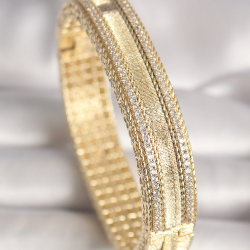 Mey İthalat® Pirinç Gold Renk Zirkon Taşlı Bileklik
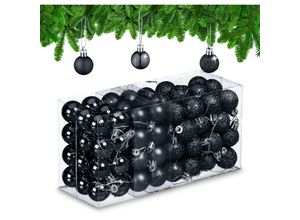 4052025979553 - Relaxdays - Weihnachtskugeln 96er Set glitzernde matte & glänzende Baumkugeln Weihnachtsbaumdeko Kunststoff schwarz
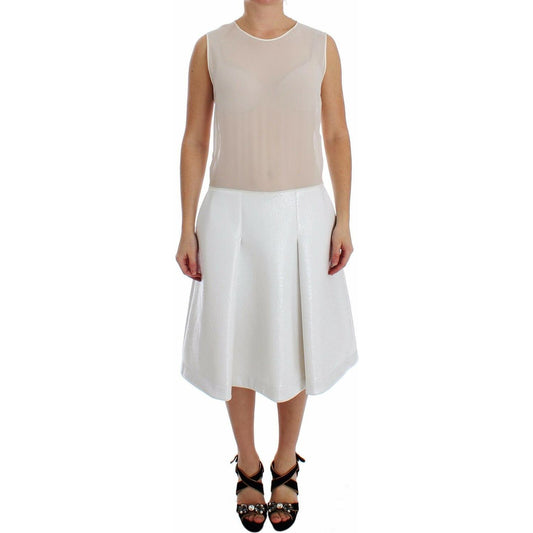 Koonhor Elegant White Silk-Wool Blend Tank Dress WOMAN DRESSES Koonhor Gray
▬▬▬▬▬▬▬▬▬▬
**Work task**
Word for word, restate each line above, minus its pictures.

**Problem solution**
 Mey İthalat® Pirinç Gold Renk Zirkon Taşlı Bileklik
 4052025979553 - Relaxdays - Weihnachtskugeln 96er Set glitzernde matte & glänzende Baumkugeln Weihnachtsbaumdeko Kunststoff schwarz
 Koonhor Elegant White Silk-Wool Blend Tank Dress WOMAN DRESSES Koonhor Gray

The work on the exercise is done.